2. No plans for a future rendezvous
Remember how you planned to meet at least once every two months? The excitement of how you will plan these precious days out? The excitement of packing the bags, choosing the destination and all the eagerness to be with each other! Now, the two has turned into six and no plans have been made by either of you to meet up.
3. No physical intimacy
Intimacy is the backbone of a relationship – you feel connected because you share with each other something that you don’t share with anyone else. We hear about how to keep the romance alive while doing long distance. Frequent video calls, sexting, more video calls to keep the romance and intimacy alive in a long distance relationship. When a relationship is dying down, regular passion goes right out of the window.
4. Constant fights
When everything your partner does irritates you or vice versa, it is a huge sign a long-distance relationship isn’t working. Little things have the potential to annoy you both. Every phone call turns into mini bursts of frequent fights. You might not even call back (or get a phone call back) even when you disconnect in anger. Fizzling out? I think so.

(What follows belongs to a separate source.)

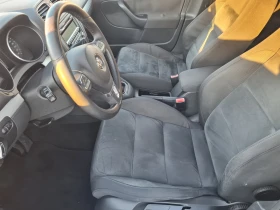 VW Golf Variant 1.6TDI!!ЦЕНА С РЕГИСТРАЦИЯ!!, снимка 12
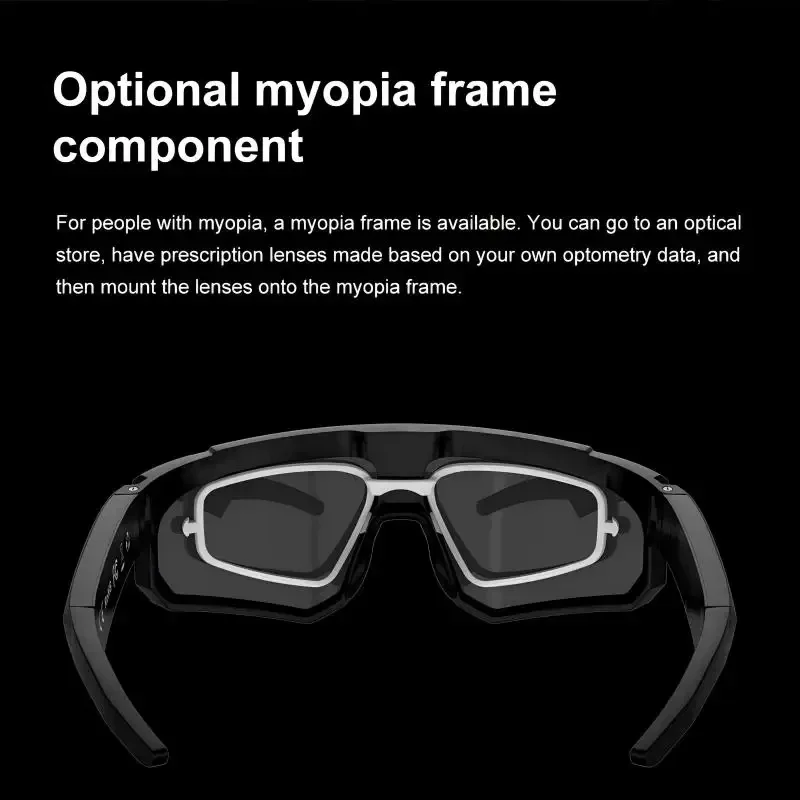Okulary inteligentne OnePlus A – Photography Japanese recenzja i cena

5. Not appreciative enough
You might exchange gifts or leap through hoops to get a proper 10-minute conversation with your long-distance partner but you do not get appreciated enough. They do not show interest in you making time for them. You feel like you are crossing oceans for people who don’t even jump a puddle for you.
6. Starting to feel one-sided
One of the most common trademarks of your long-distance relationship heading towards the finish line is this. The relationship starts to feel one-sided. Whether it’s you putting in the maximum effort or it’s your partner doing the hard work. You may feel like you are always chasing your partner. Long distance is a two-way street; you have to go all the way each time to make it work. Meeting someone in the middle just for the sake of it does not last too long.
7. Falling behind personally
LDR takes time and effort. If you start to lose yourself in the process of getting the relationship to work, if you miss deadlines massively, an important email gets unchecked, it is about time to let go of it. The people in the relationship have to grow together. Personal goals, future prospect/career are to be cherished. Falling behind on them might be a reason to break off.
8. A lot of emotional baggage in the relationship
Gaslighting, feelings of guilt are constantly by your side. You feel the relationship is taking a toll on your mind and heart. You feel suffocated in the relationship. You do not feel romantically aligned and are mostly gross. You are basically not sure where the relationship is going and whether you need to let go of your long-distance relationship or hold onto it. Not answering calls, ghosting your partner seems better than having another conversation.
Related reading: 15 benefits of long distance relationships
9. Gut feeling
You feel the distance makes it harder to convey your feelings. You question the validity of your relationship. Something just does not feel right, something is always missing. Perhaps it wasn’t like this always, but now your intuition is that it is failing, failing beyond repair. You want to say that everything will be fine but your gut feeling spells doom.
10. Relationship has become toxic
Both of you might agree to this. You or both of you feel that the relationship has become toxic, ruining your schedule, peace of mind and sleep at night. You may feel that your personal goals are being left out because of your long-distance relationship demands. You feel like you have to push aside a lot of yourself to make this relationship work – and it is already giving you panic attacks. It’s better to let go of a relationship than be in a toxic one.
LDR takes a lot of time, effort and empathy. Open communication is key and understanding your partner’s perspectives, are important. But if you feel that it is not working out, it would be okay to let go of a long-distance relationship.